====================================
:octicon:`report` What's New in v0.5
====================================

fairseq2 v0.5 represents a major milestone with significant improvements across
the entire toolkit. This release focuses on simplifying user onboarding,
enhancing performance, and expanding integration capabilities.

🚀 **Recipe Authoring & User Experience**
=========================================

**Simplified Recipe APIs**
    Significant overhaul and simplification of recipe authoring APIs to ease
    onboarding to fairseq2 and make fairseq2 features more discoverable to new users.
    The new APIs provide a more intuitive and streamlined experience for both
    beginners and advanced users.

**Enhanced Discoverability**
    fairseq2 features are now more discoverable, with improved documentation,
    better API organization, and clearer examples to help users get started quickly.

🤖 **New Model Support**
========================

**Qwen 2.5 & Qwen 3 Models**
    Parity-checked implementations of dense Qwen 2.5 and Qwen 3 models have been
    added, expanding the range of state-of-the-art language models available in fairseq2.

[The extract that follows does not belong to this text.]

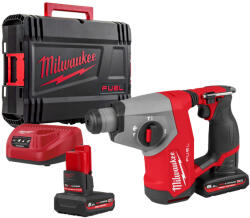 Milwaukee M12 FHAC16-502X (4933499185)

**New Language Model Pretraining Recipe**
    Implementation of a new language model pretraining recipe, parity-checked by a
    LLaMA-3 8B - 1T DCLM Baseline run. This provides a robust foundation for
    training large language models from scratch.

🔗 **Hugging Face Integration**
===============================

**Native Checkpoint Support**
    Native support for reading and writing Hugging Face checkpoints for models that
    implement necessary integration APIs, enabling easier leverage of the Hugging Face
    ecosystem during async evaluation jobs (*e.g.*, vLLM) within fairseq2 training.

**Hugging Face Tokenizers**
    Native support for Hugging Face tokenizers across all relevant fairseq2 APIs,
    providing seamless integration with the broader NLP ecosystem.

**Asset Cards with HF Hub**
    Asset Cards now support the "hf://" scheme to download models, tokenizers, and
    datasets directly from the Hugging Face Hub, making it easier to work with
    community models and datasets.

📊 **Data Processing & Batching**
=================================

**Unified Batching APIs**
    Consolidation of padded and packed batching APIs under a single :ref:`batch_layout` type.
    All ``fairseq2.nn`` modules are updated to handle both modes consistently, simplifying
    data processing workflows.

**High-Performance Data Pipeline**
    A new high-performance C++-based data pipeline packing operation specifically
    designed for language model pretraining jobs, significantly improving data
    throughput and training efficiency.

⚡ **Performance & Memory Optimizations**
=========================================

**Flash3 Attention Support**
    Support for (varlen) flash3 attention, with ``torch.compile`` integration, providing
    state-of-the-art attention performance and memory efficiency.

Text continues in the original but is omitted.